_To do_. Each entry has to be given again in its exact wording, and no picture may appear in the result.

_Study material_.
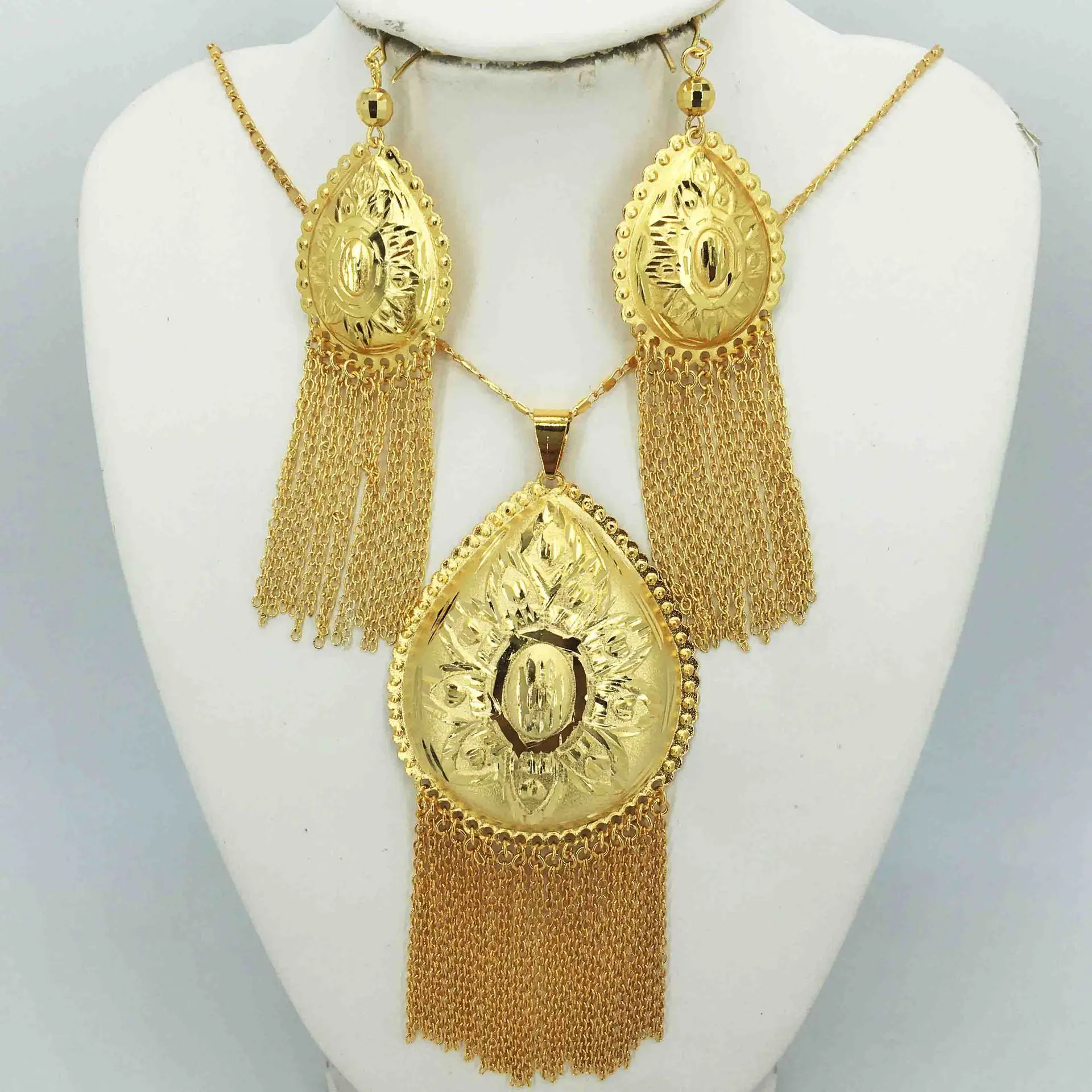 

Lotus Non tarnish 24 real gold dubai jewelry set bridal tassels jewelry set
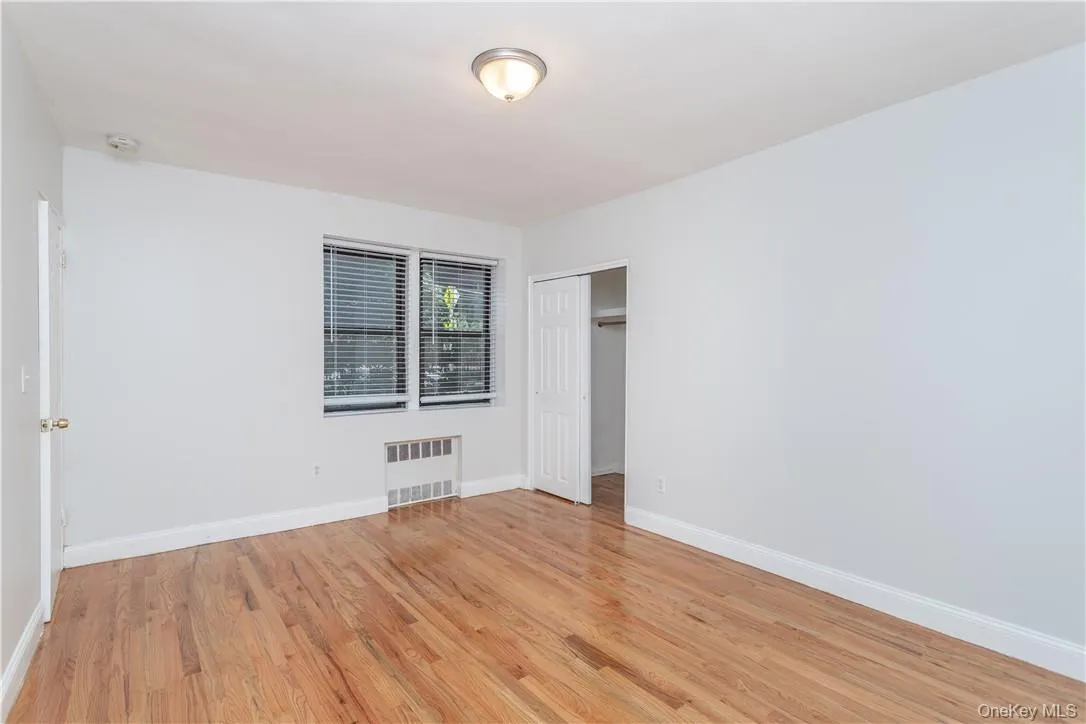 140 Hartsdale Avenue, Greenburgh, NY, 2 Bedrooms Bedrooms, 4 Rooms Rooms,1 BathroomBathrooms,Residential Lease,For Rent,Hartsdale,0,973797 140 Hartsdale Avenue, Greenburgh, NY, 2 Bedrooms Bedrooms, 4 Rooms Rooms,1 BathroomBathrooms,Residential Lease,For Rent,Hartsdale,0,973797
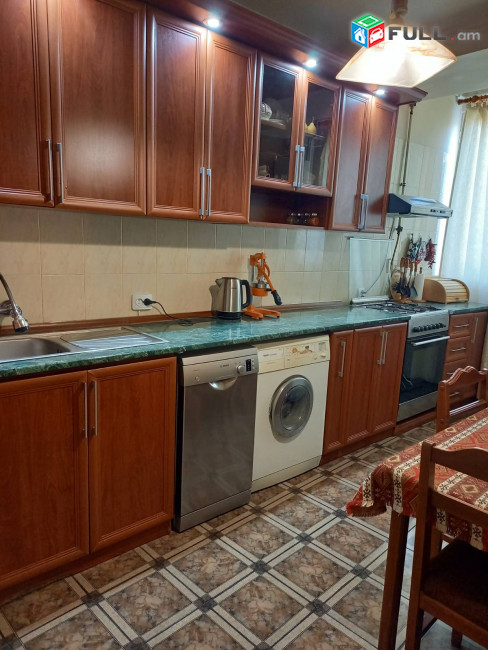 Փոքր կենտրոնում   վարձով տրվում է 3 սեն․ բնակարան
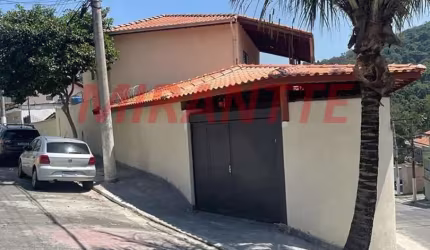 Sobrado de 200m² com 3 quartos em Parque Casa De Pedra
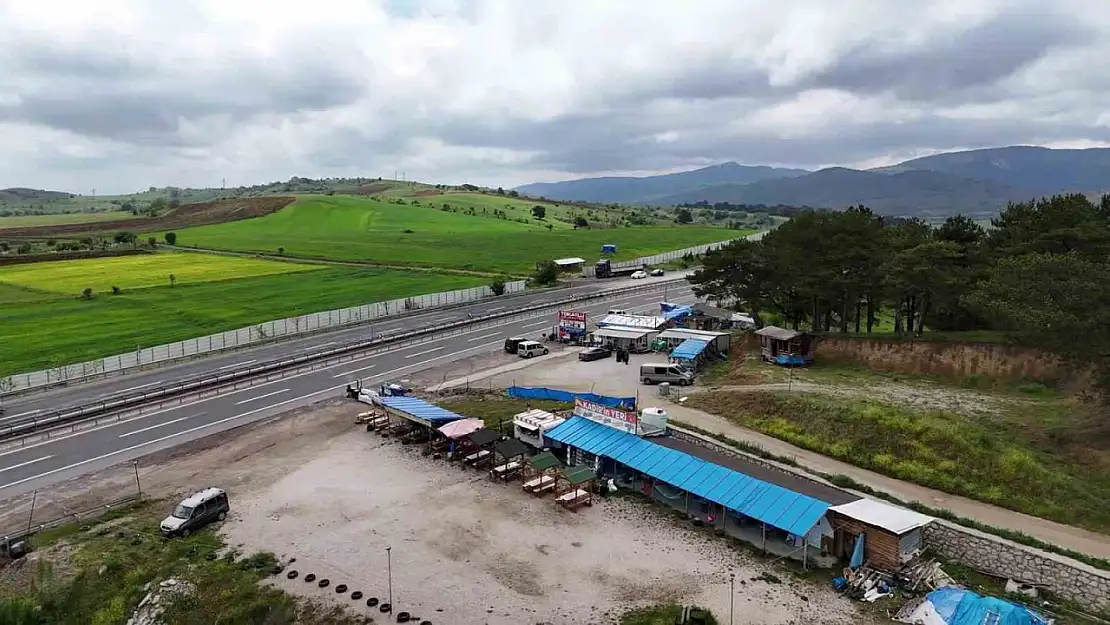 Kemikli Rampaları'ndaki barakalar hem trafik güvenliğini tehdit ediyor hem de mesire alanını engelliyor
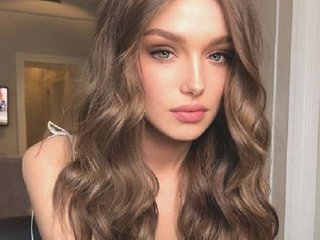 Erotikus videocsevegés Pettysweety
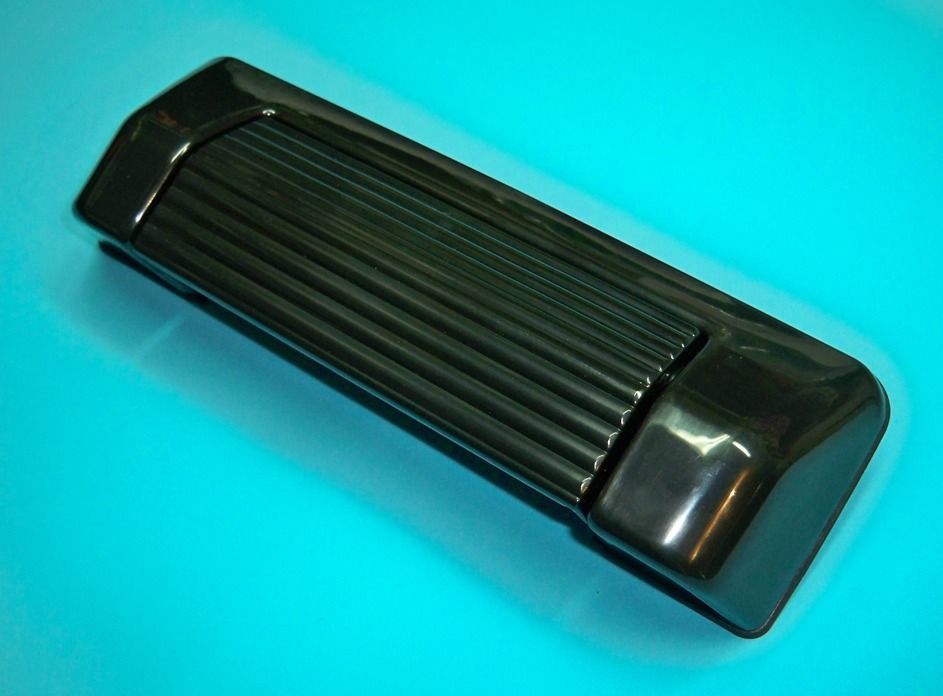 Puxador da porta da mala Suzuki Vitara 1989-2000 NOVO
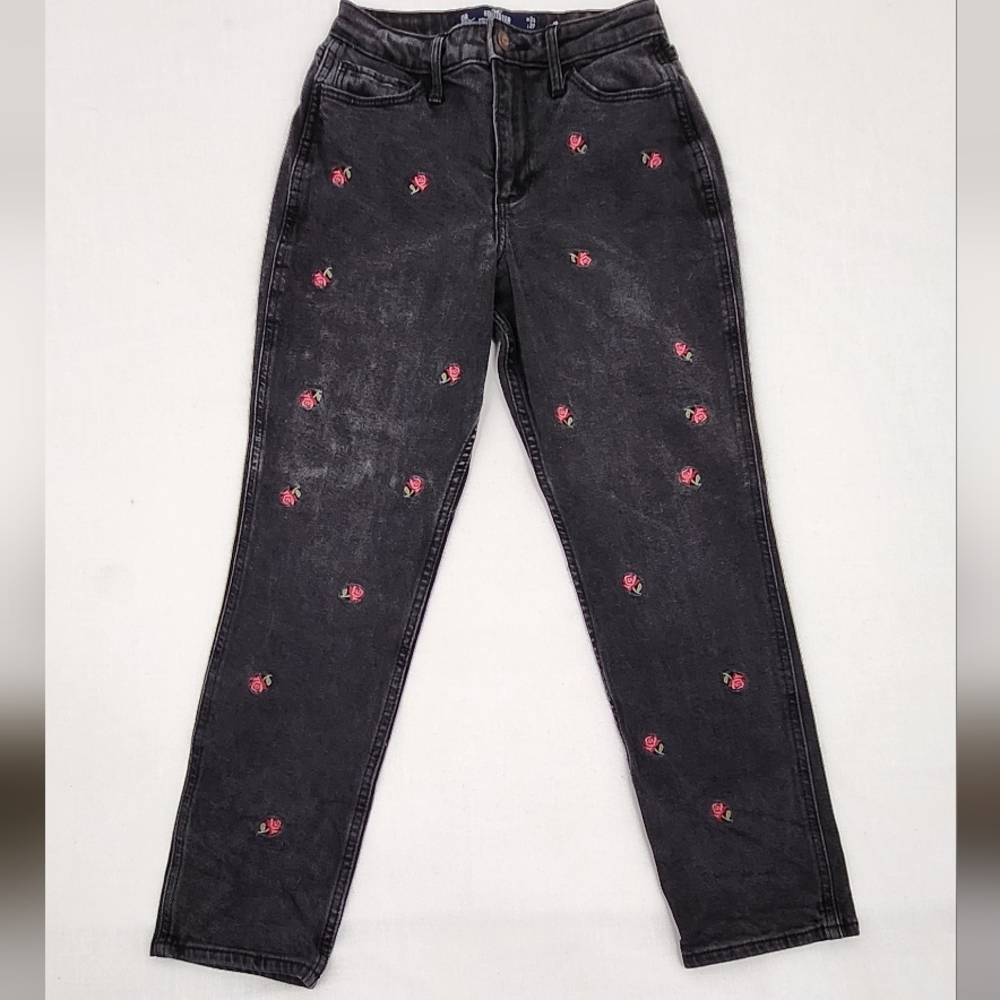Hollister Black Rose Embroidered Curvy High-Rise Mom Jeans. 24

_Exercise response_.
Lotus Non tarnish 24 real gold dubai jewelry set bridal tassels jewelry set
 140 Hartsdale Avenue, Greenburgh, NY, 2 Bedrooms Bedrooms, 4 Rooms Rooms,1 BathroomBathrooms,Residential Lease,For Rent,Hartsdale,0,973797 140 Hartsdale Avenue, Greenburgh, NY, 2 Bedrooms Bedrooms, 4 Rooms Rooms,1 BathroomBathrooms,Residential Lease,For Rent,Hartsdale,0,973797
 Փոքր կենտրոնում   վարձով տրվում է 3 սեն․ բնակարան
 Sobrado de 200m² com 3 quartos em Parque Casa De Pedra
 Kemikli Rampaları'ndaki barakalar hem trafik güvenliğini tehdit ediyor hem de mesire alanını engelliyor
 Erotikus videocsevegés Pettysweety
 Puxador da porta da mala Suzuki Vitara 1989-2000 NOVO
Hollister Black Rose Embroidered Curvy High-Rise Mom Jeans. 24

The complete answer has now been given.